Content starts
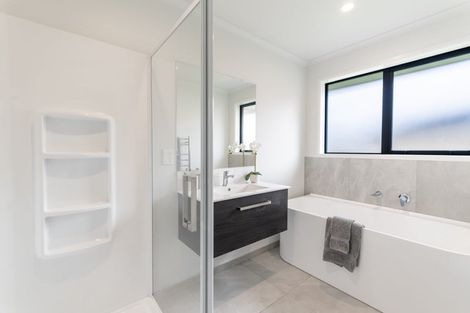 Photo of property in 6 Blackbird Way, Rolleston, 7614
Content ends
Content starts
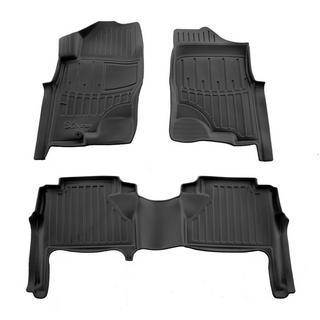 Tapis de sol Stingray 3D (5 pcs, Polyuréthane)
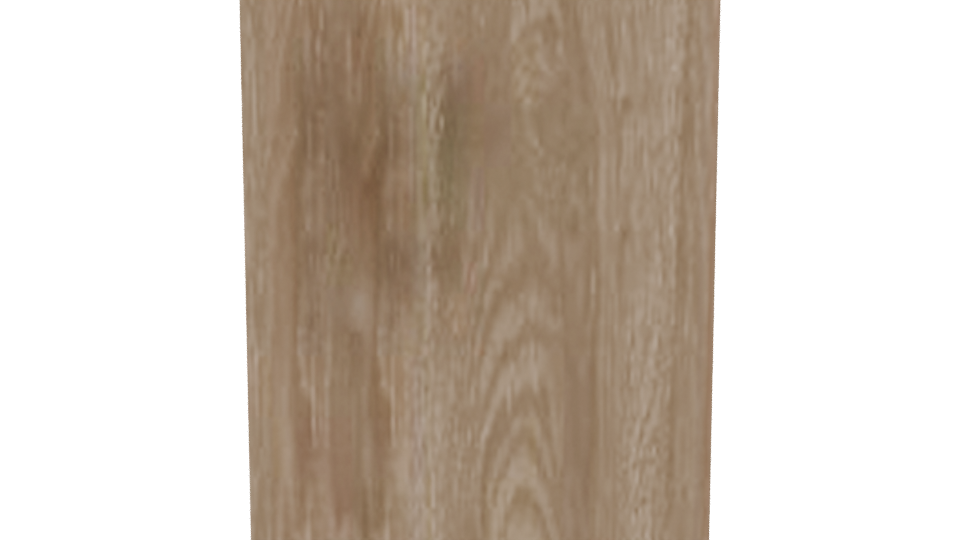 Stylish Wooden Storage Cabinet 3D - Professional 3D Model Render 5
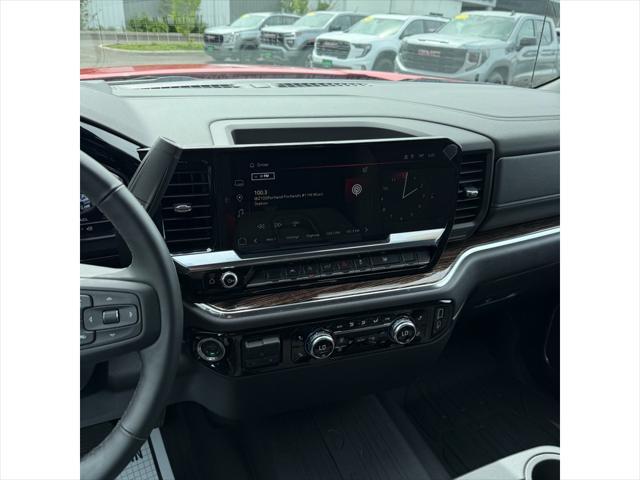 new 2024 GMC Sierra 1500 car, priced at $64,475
Content ends
Your goal: Look above for the line with "Tapis de sol", then print it and each line after it down to and including the line with "new 2024 GMC". Leave out the pictures and keep the wording exact.

Your response:
 Tapis de sol Stingray 3D (5 pcs, Polyuréthane)
 Stylish Wooden Storage Cabinet 3D - Professional 3D Model Render 5
 new 2024 GMC Sierra 1500 car, priced at $64,475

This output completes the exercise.